Monday, June 14, 2010

Yellow Cards for Stupid

The USA's right-wing punditry is predictably calm and thoroughly reasoned in its reception of the World Cup:

"Barack Obama's policies are the World Cup." In an extensive rant on the June 11 Glenn Beck Program, Beck purported to explain how President Obama's policies "are the World Cup" of "political thought." Beck stated, "It doesn't matter how you try to sell it to us, it doesn't matter how many celebrities you get, it doesn't matter how many bars open early, it doesn't matter how many beer commercials they run, we don't want the World Cup, we don't like the World Cup, we don't like soccer, we want nothing to do with it." Beck stated that likewise, "the rest of the world likes Barack Obama's policies, we do not."
or, to put that more explicitly:
Discussing soccer's popularity in the U.S. on his June 10 program, G. Gordon Liddy asked, "Whatever happened to American exceptionalism?"
And, lest we forget the conspiratorial and racist elements:
Also on the June 10 G. Gordon Liddy Show, Media Research Center's Dan Gainor said, "the problem here is, soccer is designed as a poor man or poor woman's sport" and that "the left is pushing it in schools across the country." He added: "generally football games in this country don't devolve into riots or wars." He later added that the sport of soccer "is being sold" as necessary due to the "browning of America."
To review, soccer is a man-made plague insidiously worming its way into the United States by riotous hordes of dark-skinned savages who never wear USA flag lapel pins nor go dewy-eyed at the playing of "The Star-Spangled Banner."

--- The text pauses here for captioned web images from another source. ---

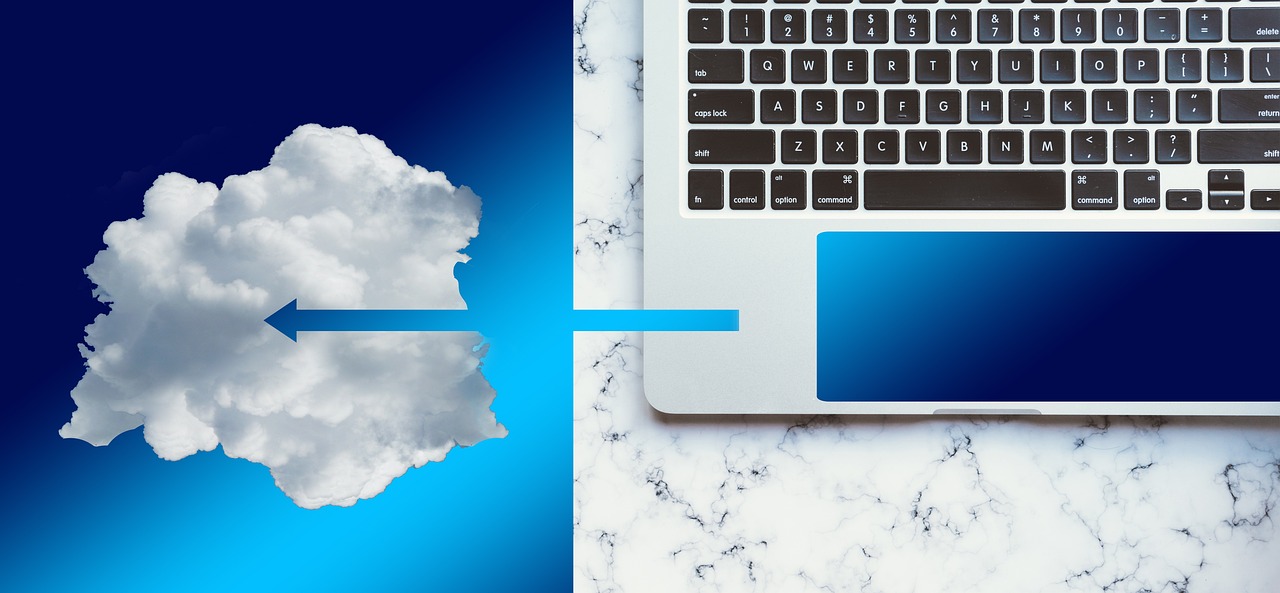 Choosing Software Service Choosing Software Service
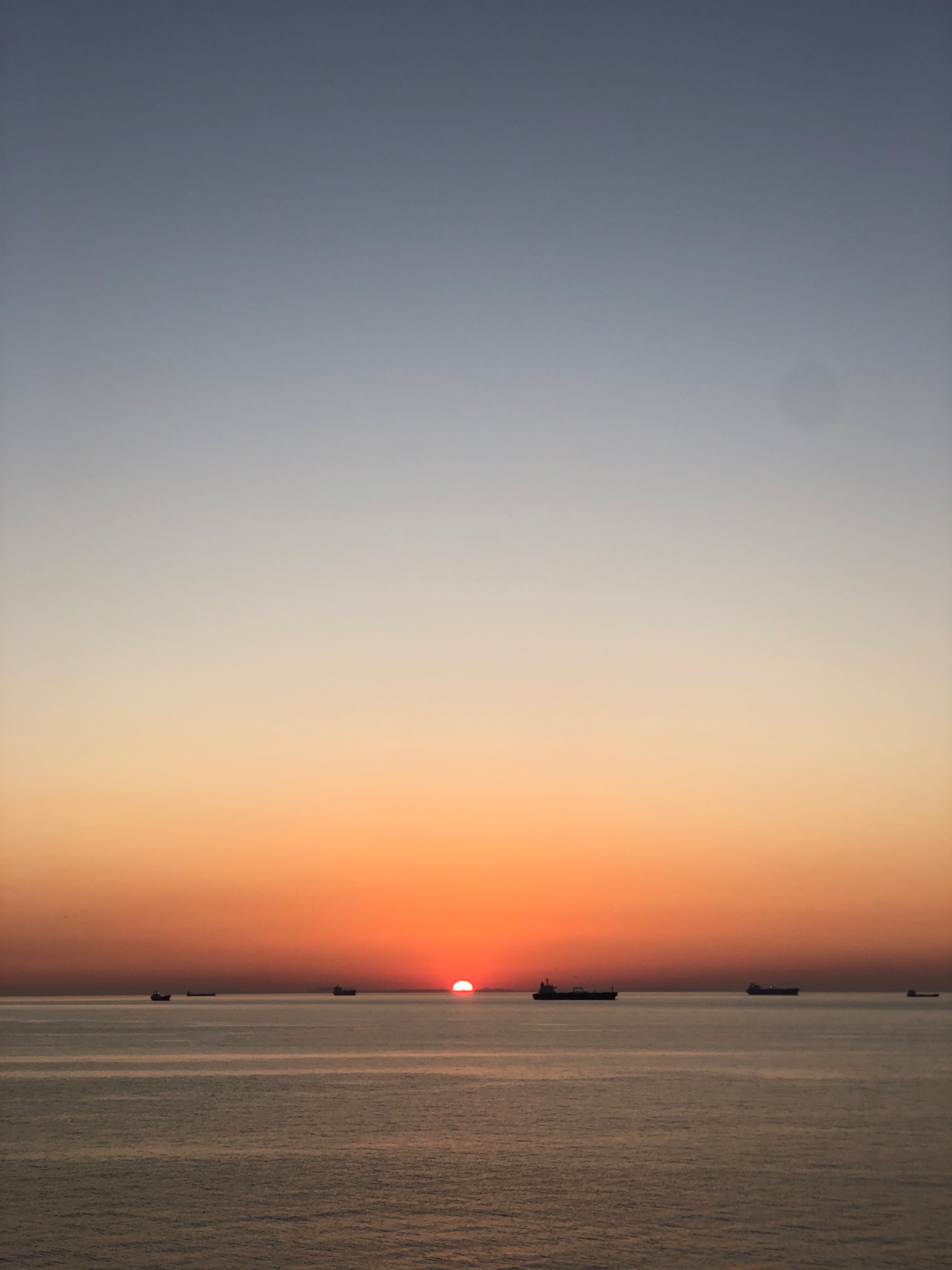 IMG_1928.jpeg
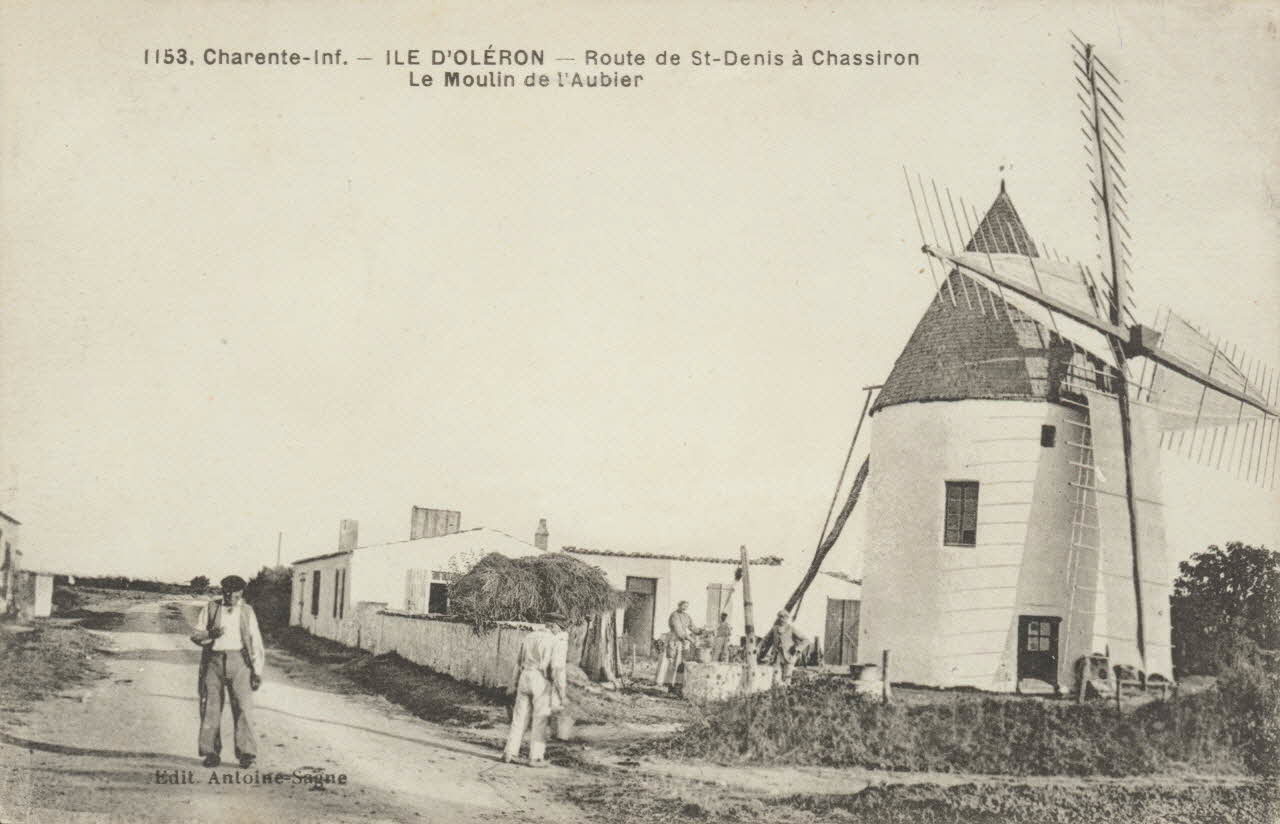 carte postale ILE D'OLERON-MOULIN DE L'AUBIER 1903-1950 010168 Photo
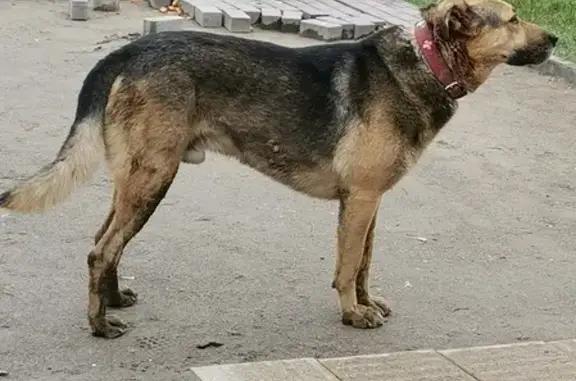 Собака возле метро Технопарк на Мустая Карима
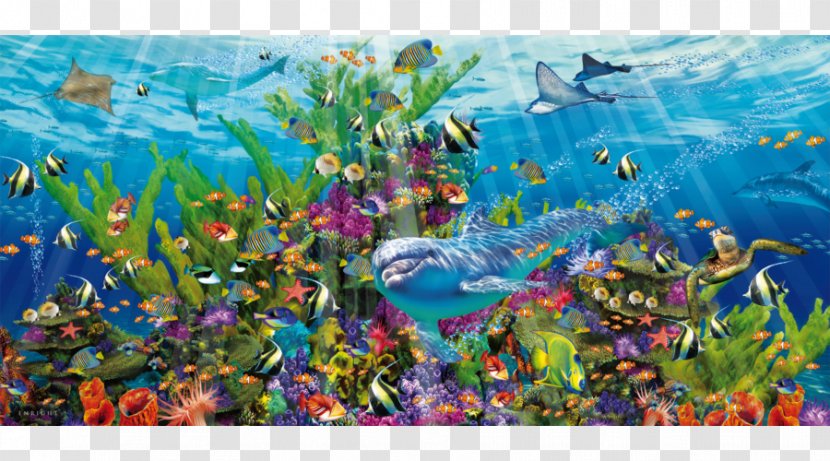 Jigsaw Puzzles Coral Reef Educa Borràs Game - Aquarium - Toy Transparent PNG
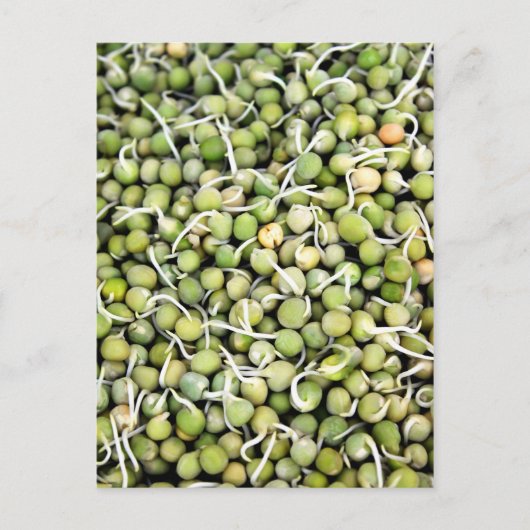 エンドウ豆 ポストカード (正面)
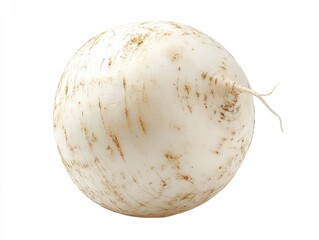 Round, white radish with brown spots.  A single, whole radish, oval in shape, is presented against a plain white background. The radish is mostly white, with noticeable, 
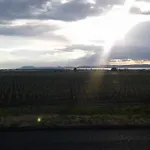Σπίτι διακοπών Stargazer Dome At Balaton *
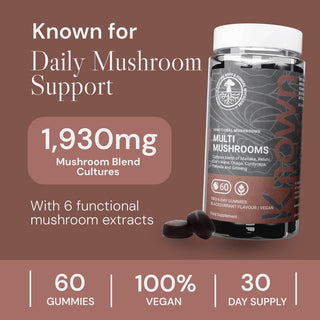Multi Mushroom Gummies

So it goes. A certain cohort of Americans will accept that frame, or one like it, and lurch forward with it. Meanwhile, for those of us willing to entertain the possibility that the rest of the world might have its reasons, Marc at Pandagon offers a question-answer frame through which to appreciate soccer, a thoughtful effort (not to say the final word), one that speaks directly to one of the common plaints of American sports fans:
Major American sports are defined by a never-ending stream of recordable micro-events: balls and strikes, first downs, rebounds, completed passes, double plays, blocked shots, and so forth. Box scores for every sport regularly spawn additional columns to satisfy our stats- and fantasy-obsessed fans. From this perspective, watching soccer can seem boring or frustrating - without a bunch of tangible events to track in-game, how can we even be sure something is happening?
Americans do say things like this, but I think people who cherish 'stats' in sports are either just grasping at terms to anchor something less clearly definable about the experience; or they use stats as a proxy for a long-running engagement with the game and an appreciation for its history, which begs the question of what, exactly, is interesting to watch in the ebb and flow of the sport.

The question-answer frame is a useful one, but for me, the compelling thing about soccer is precisely in the way the game can be determined by so few events -- a single breakaway attack, a lone blunder by a goalie -- and how the determining event can come at any moment. That's drama, and while billions can indeed be wrong, the world beyond these borders is not wrong to appreciate it.